Copy exactly the stretch of data below from the line with "Image of Giant" through the line with "DynaCarbon™️ Carbon Fiber", including both of those lines.

##### Records shown

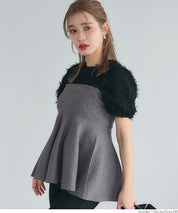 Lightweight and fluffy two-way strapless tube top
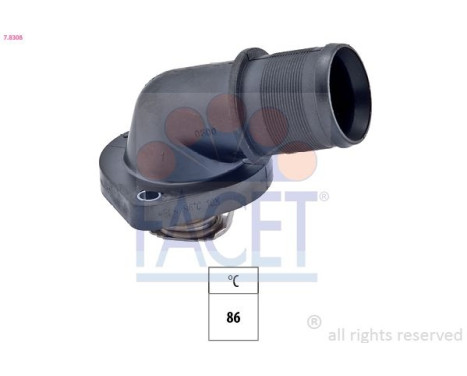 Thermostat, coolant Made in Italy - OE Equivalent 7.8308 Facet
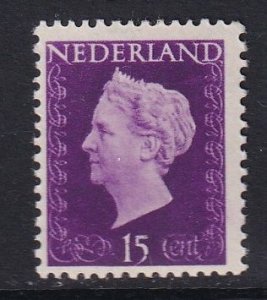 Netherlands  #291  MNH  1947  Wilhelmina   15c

##########
##### Records shown

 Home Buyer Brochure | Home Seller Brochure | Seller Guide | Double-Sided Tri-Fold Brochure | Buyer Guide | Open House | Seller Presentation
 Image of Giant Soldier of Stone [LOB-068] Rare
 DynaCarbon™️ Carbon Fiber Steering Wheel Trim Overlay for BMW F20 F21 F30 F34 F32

##########

# Response:
 Image of Giant Soldier of Stone [LOB-068] Rare
 DynaCarbon™️ Carbon Fiber Steering Wheel Trim Overlay for BMW F20 F21 F30 F34 F32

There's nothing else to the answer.